RECORDS TO USE below:

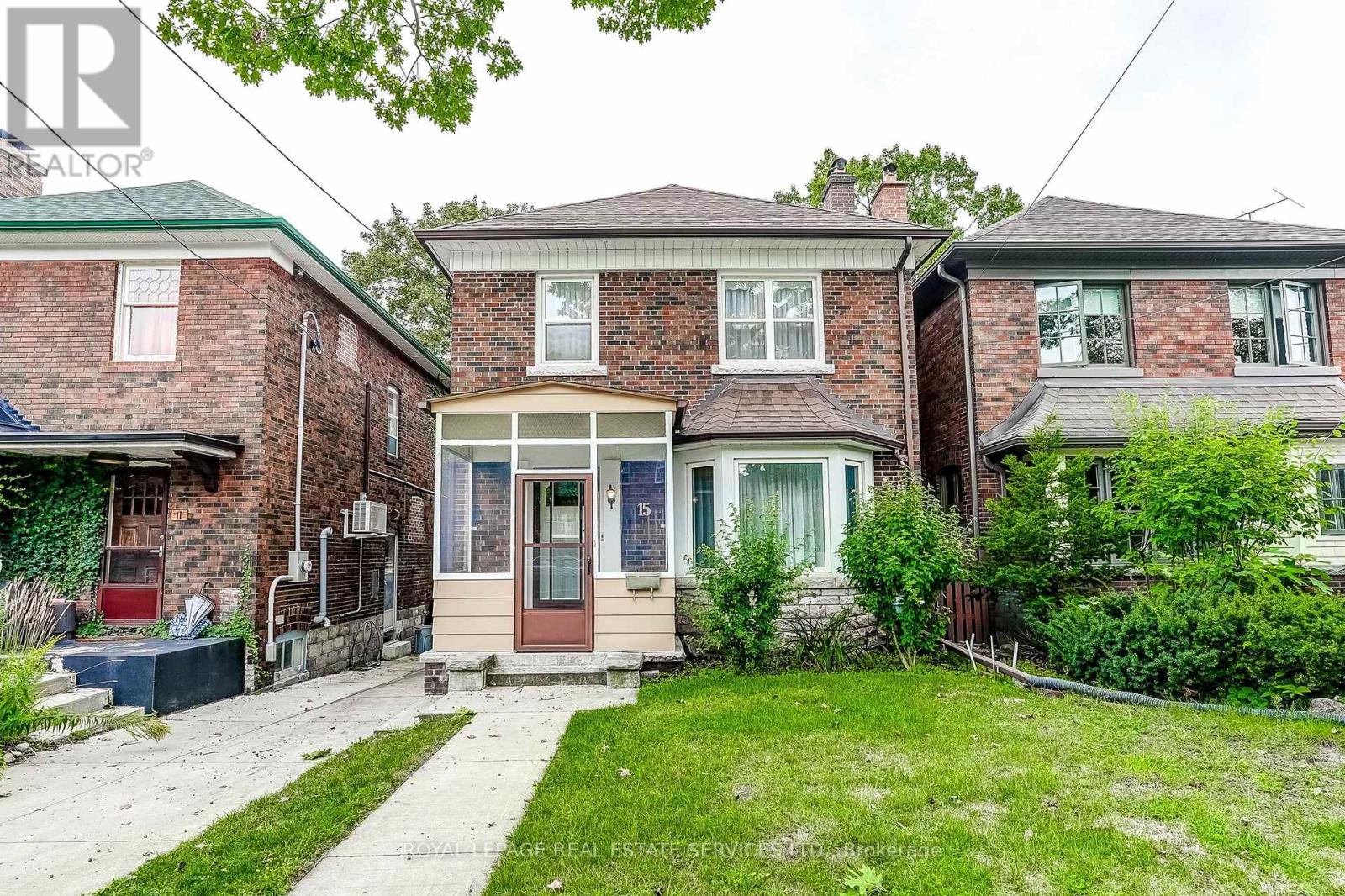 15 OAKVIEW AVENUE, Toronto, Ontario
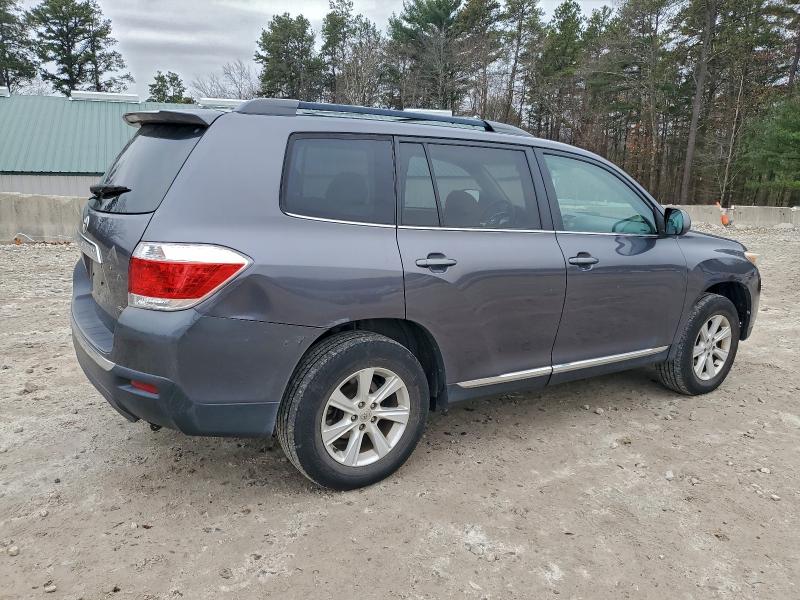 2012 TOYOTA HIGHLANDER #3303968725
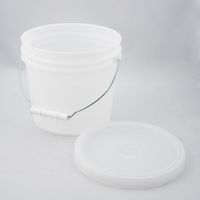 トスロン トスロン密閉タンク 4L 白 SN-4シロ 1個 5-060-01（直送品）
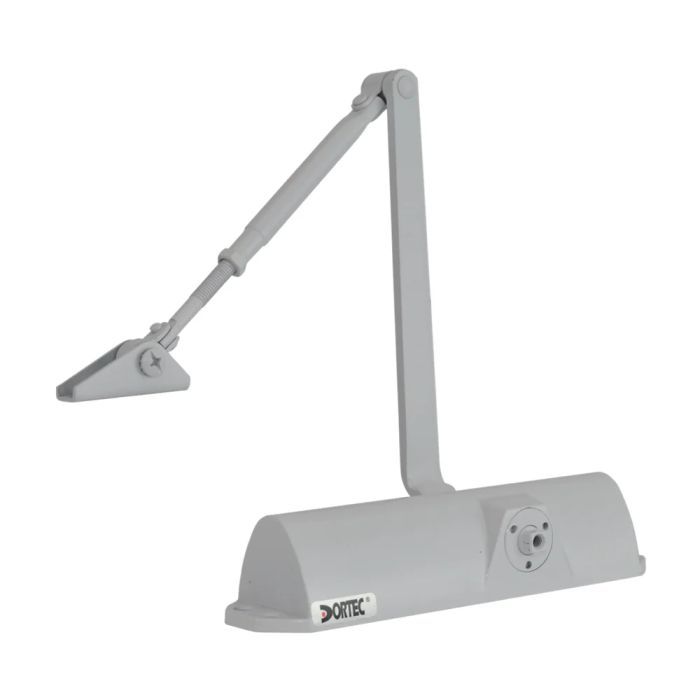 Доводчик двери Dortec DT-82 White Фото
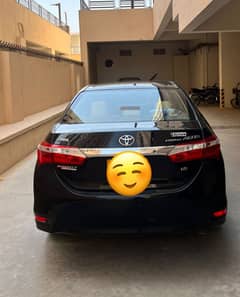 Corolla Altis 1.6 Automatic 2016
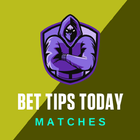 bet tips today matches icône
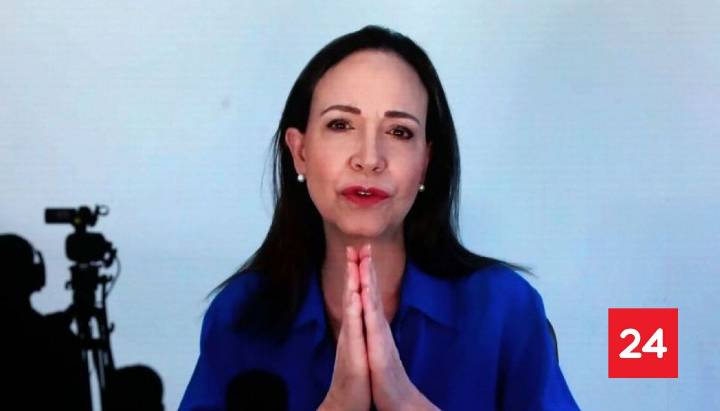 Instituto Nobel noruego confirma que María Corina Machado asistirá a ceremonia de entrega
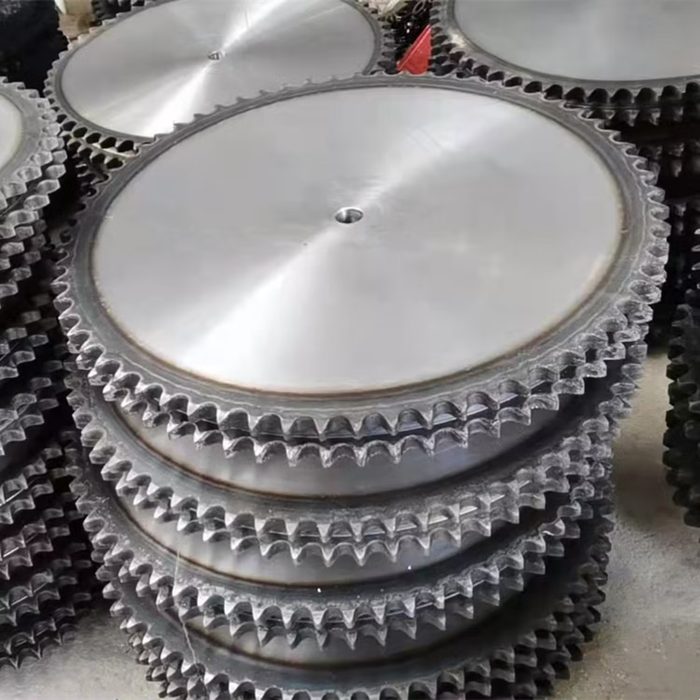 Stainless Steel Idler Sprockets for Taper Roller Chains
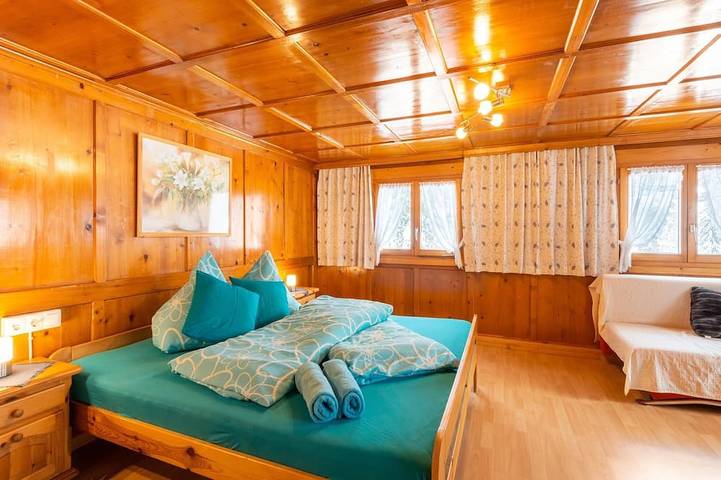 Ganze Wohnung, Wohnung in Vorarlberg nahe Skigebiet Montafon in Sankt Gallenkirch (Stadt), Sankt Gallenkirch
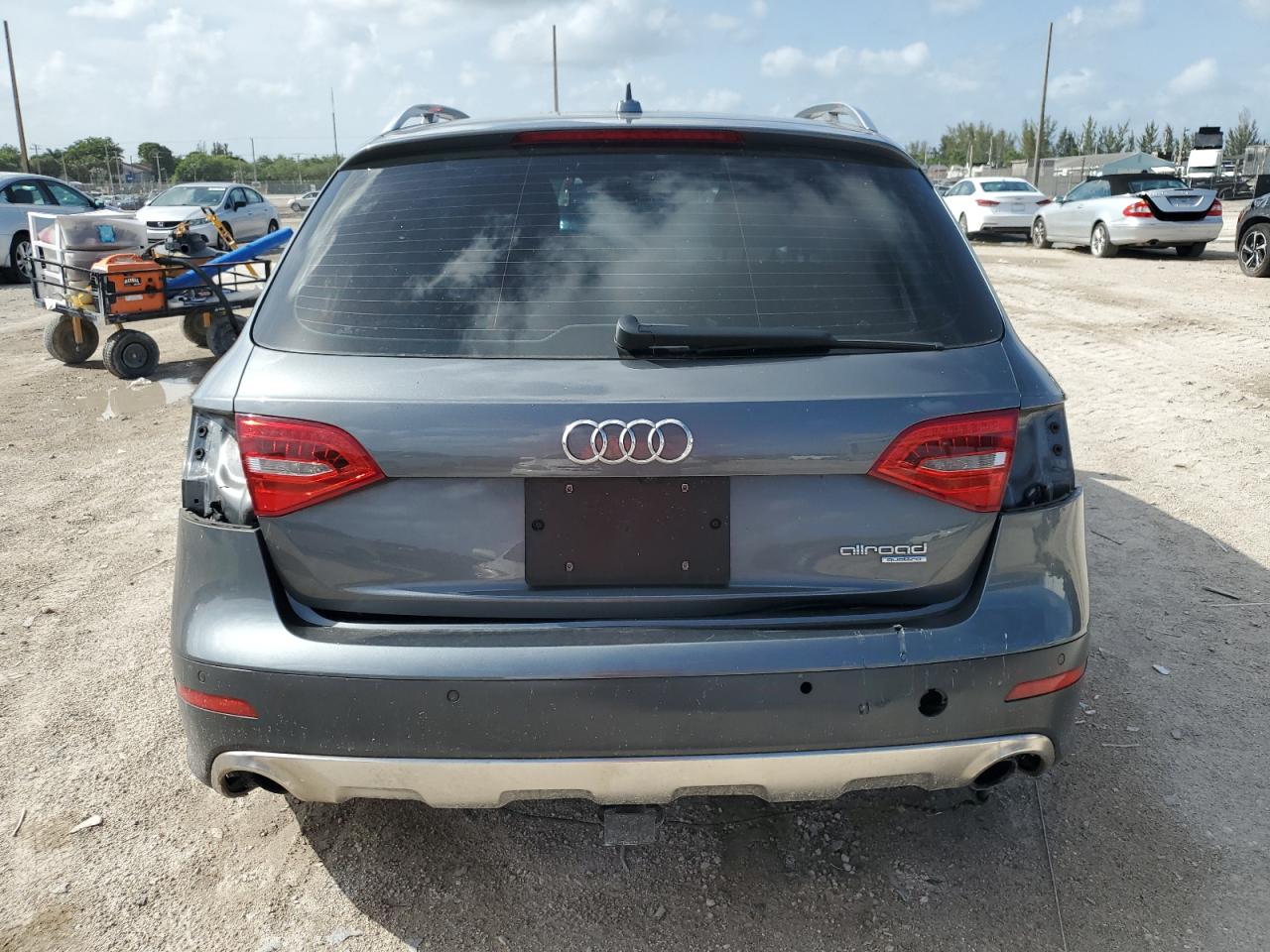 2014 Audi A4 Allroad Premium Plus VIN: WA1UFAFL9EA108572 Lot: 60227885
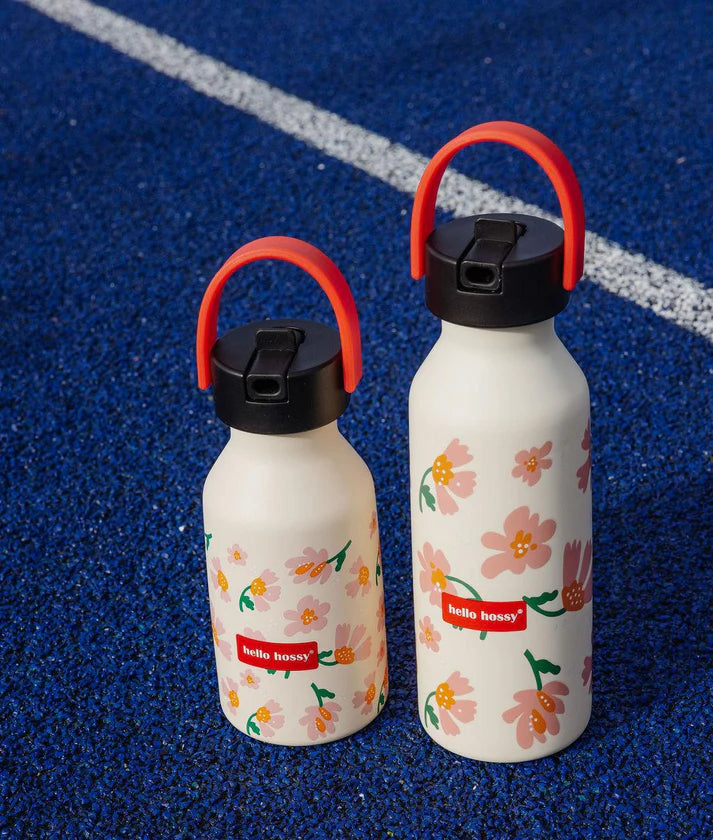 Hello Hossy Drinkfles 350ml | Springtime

End of RECORDS TO USE.

ACTION ITEM: Leaving out the images, repeat the listing above exactly.

ANSWER SECTION:
 15 OAKVIEW AVENUE, Toronto, Ontario
 2012 TOYOTA HIGHLANDER #3303968725
 トスロン トスロン密閉タンク 4L 白 SN-4シロ 1個 5-060-01（直送品）
 Доводчик двери Dortec DT-82 White Фото
 Corolla Altis 1.6 Automatic 2016
 bet tips today matches icône
 Instituto Nobel noruego confirma que María Corina Machado asistirá a ceremonia de entrega
 Stainless Steel Idler Sprockets for Taper Roller Chains
 Ganze Wohnung, Wohnung in Vorarlberg nahe Skigebiet Montafon in Sankt Gallenkirch (Stadt), Sankt Gallenkirch
 2014 Audi A4 Allroad Premium Plus VIN: WA1UFAFL9EA108572 Lot: 60227885
 Hello Hossy Drinkfles 350ml | Springtime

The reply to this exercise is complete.